The pollen and trees have been brutal this year. I am survived by Zyrtec, Flonase, Singulair and a gigantic box of tissues. Between the sinus infections and strep throat, I am one miserable day away from begging the ENT to rip it all out and break my nose. In light of the use and abuse of social welfare programs, I can probably find a doctor who would label me disabled, taking my teaching career to the grave. Don’t you worry, I won’t. The worst thing in the world is a hypocrite.

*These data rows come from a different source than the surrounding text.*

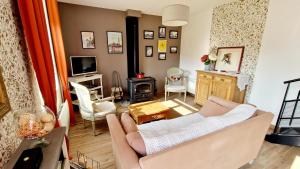 a living room with a couch and a tv at Le blason in Rosult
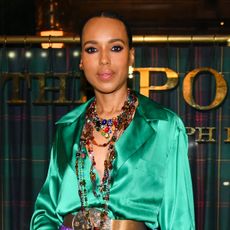 Kerry Washington wears a bright green blouse with layered necklaces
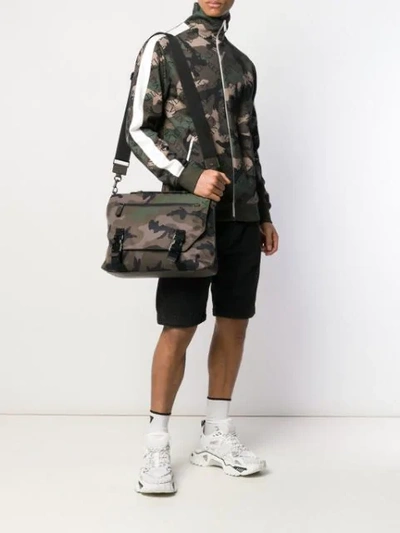 Shop Valentino Camouflage Messenger Bag In Red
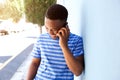 Young african man smiling and talking on mobile phone outside Royalty Free Stock Photo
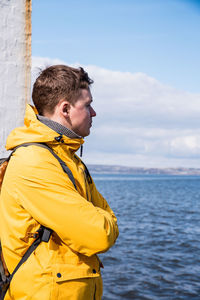 Side view of man looking at sea against sky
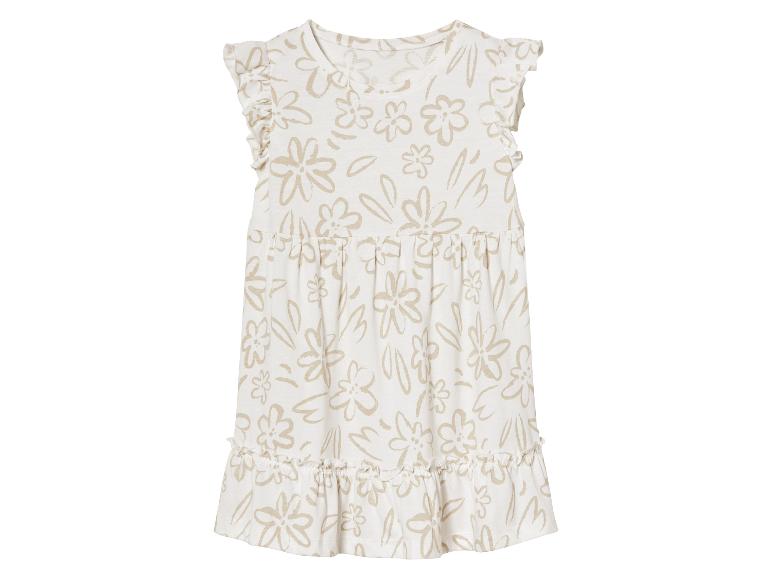 Beige babyjurk met bloemenprint, boho stijl.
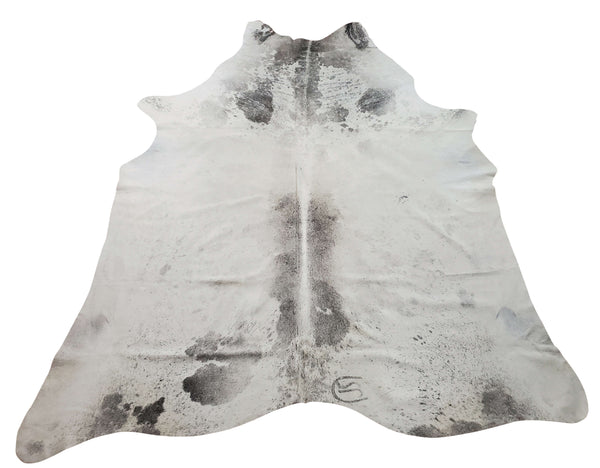 A cowhide rug in exotic gray white pattern amazing for any interior and also upholstery, put this xxl cowhide rug under your coffee table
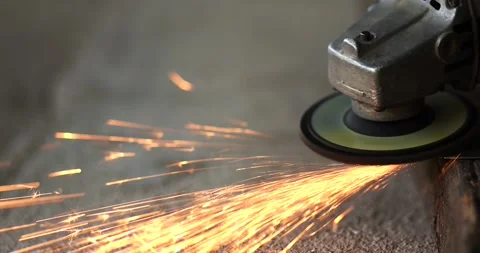 Worker using an angle grinder to cut metal with flying sparks. metalworking.. Stock Footage 340410055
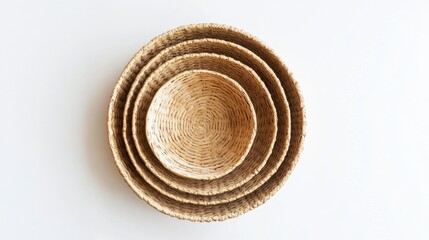 Four nested woven baskets arranged on a white background
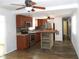 Open kitchen layout with island counter, stainless steel appliances, and wood laminate flooring at 373 Longwood Dr, Venice, FL 34285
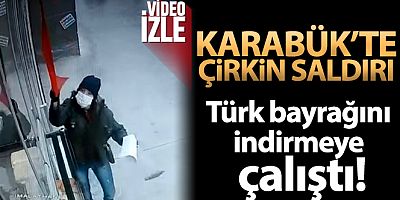 İş yerindeki Türk bayrağını indirmeye çalışan kadın kameraya yakalandı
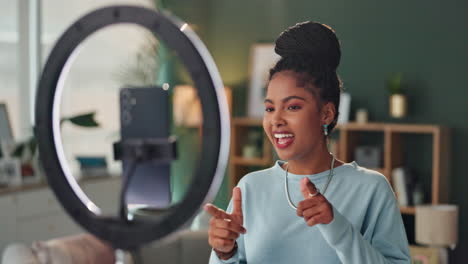 woman recording video with ring light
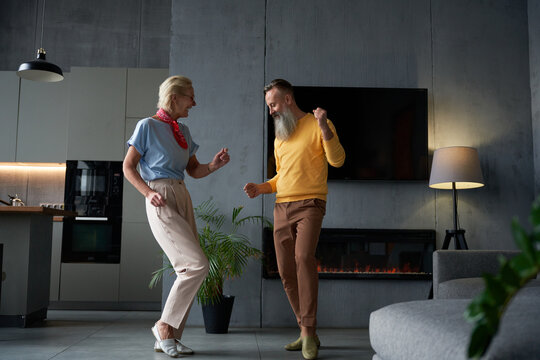 Happy couple is dancing together in their modern living room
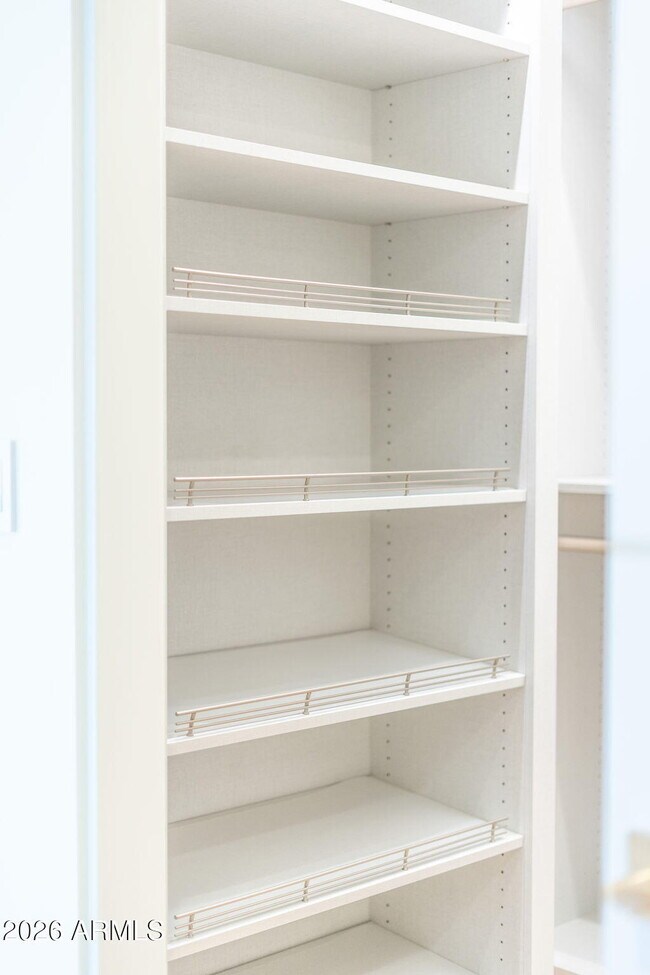 Building Photo - 6587 N Palmeraie Blvd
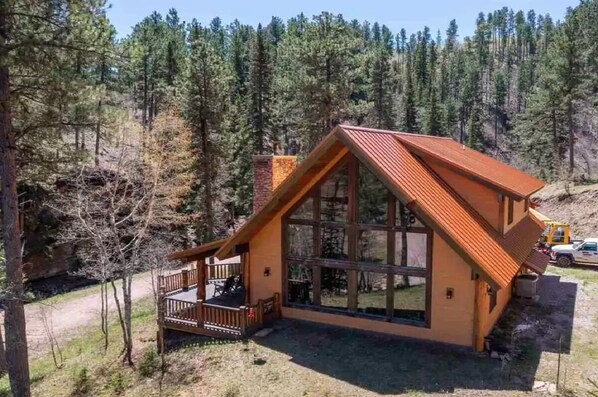 The porch overlooks the creek and a 50' tall rock outcropping!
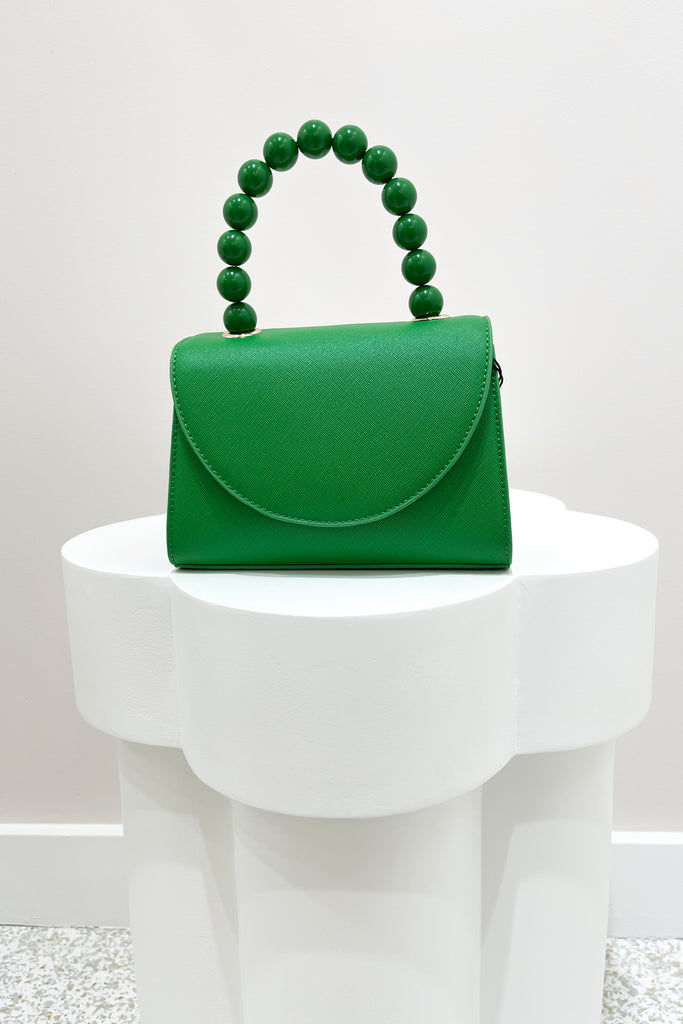 Green on sale clutch bags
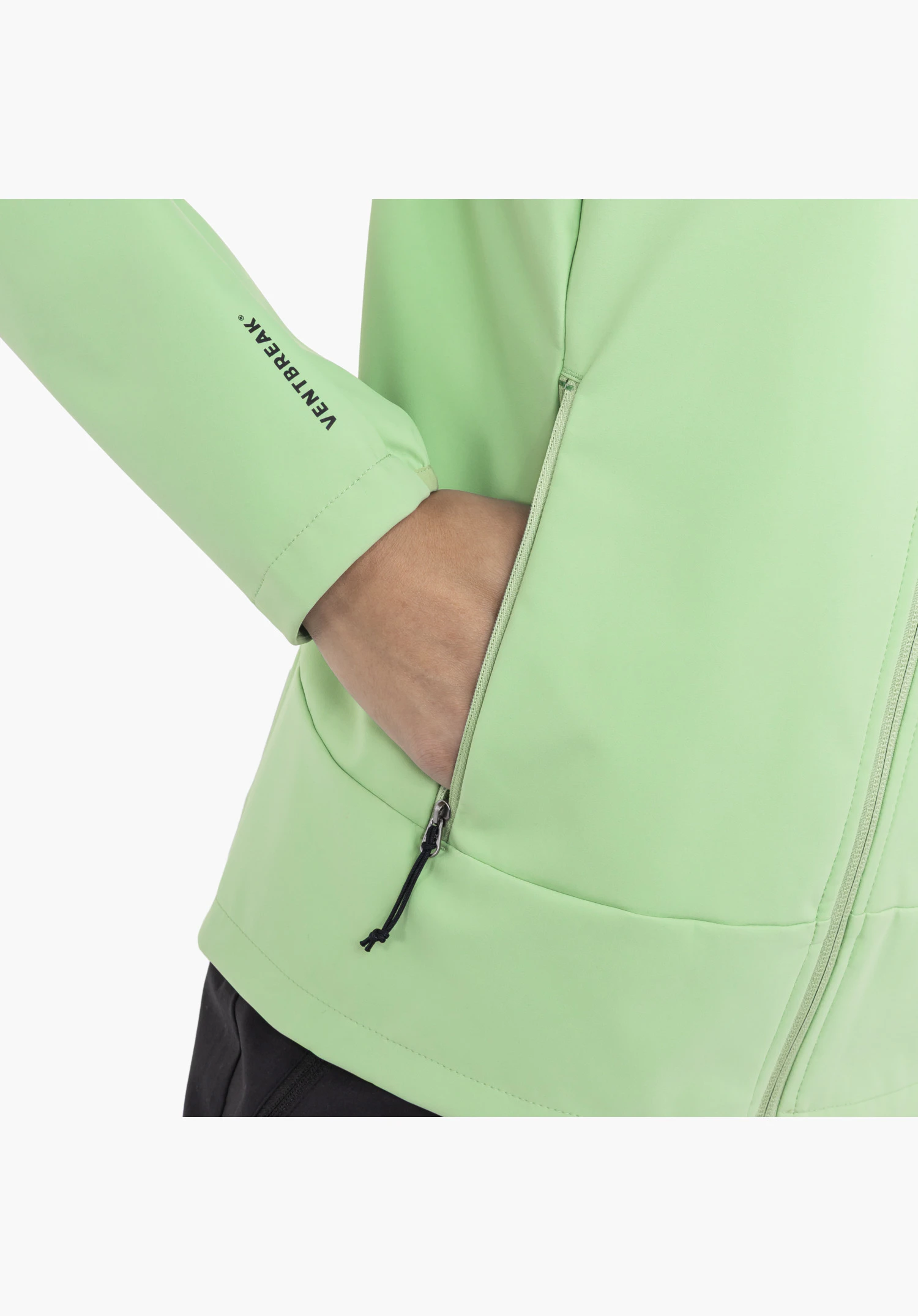 Softshell Jk Style Mirusha WMS zeigt eine Hand in der geöffneten seitlichen Reißverschlusstasche mit schwarzem Zupfer im grünen Stoff sowie den schwarzen Ventbreak-Schriftzug am Ärmel, Nahaufnahme vor weißem/neutralem Hintergrund.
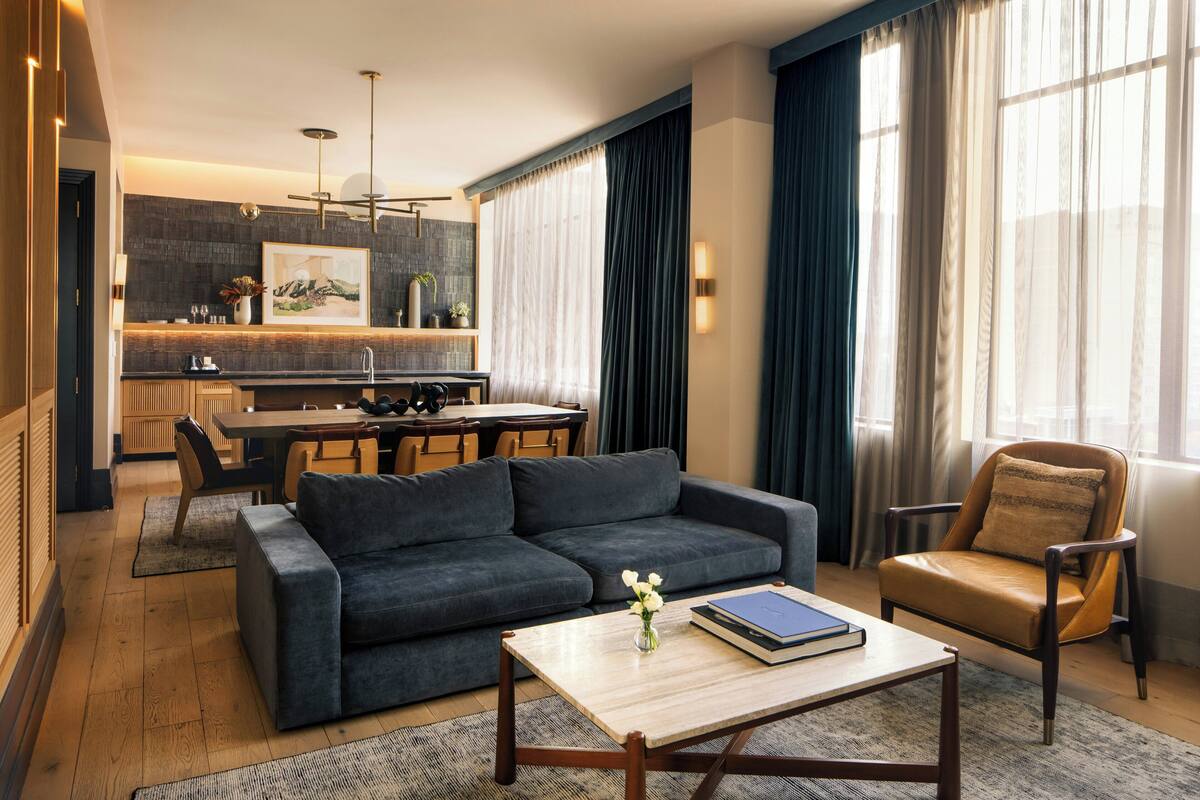 A modern living room with a sofa, armchair, and coffee table, a dining area with a table and chairs, and a kitchen with a countertop and pendant lighting.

It’s been a tough allergy season for many, including Misha. After her diagnosis of asthma this past Christmas, we’ve been particularly careful about keeping the house clean and free of irritants. Thanks to a 75 minute lunch break during a PD day, I spent the lunch hour at home with the cats. Really, I came home to fold laundry and clean the kitchen… I am pretty boring. While I was home, the lil’ Misher has an asthma attack again today. It’s her first one (that we know of) since the bad ones back over Christmastime. After a quick call to the vet, it’s back onto steroids for the little girl.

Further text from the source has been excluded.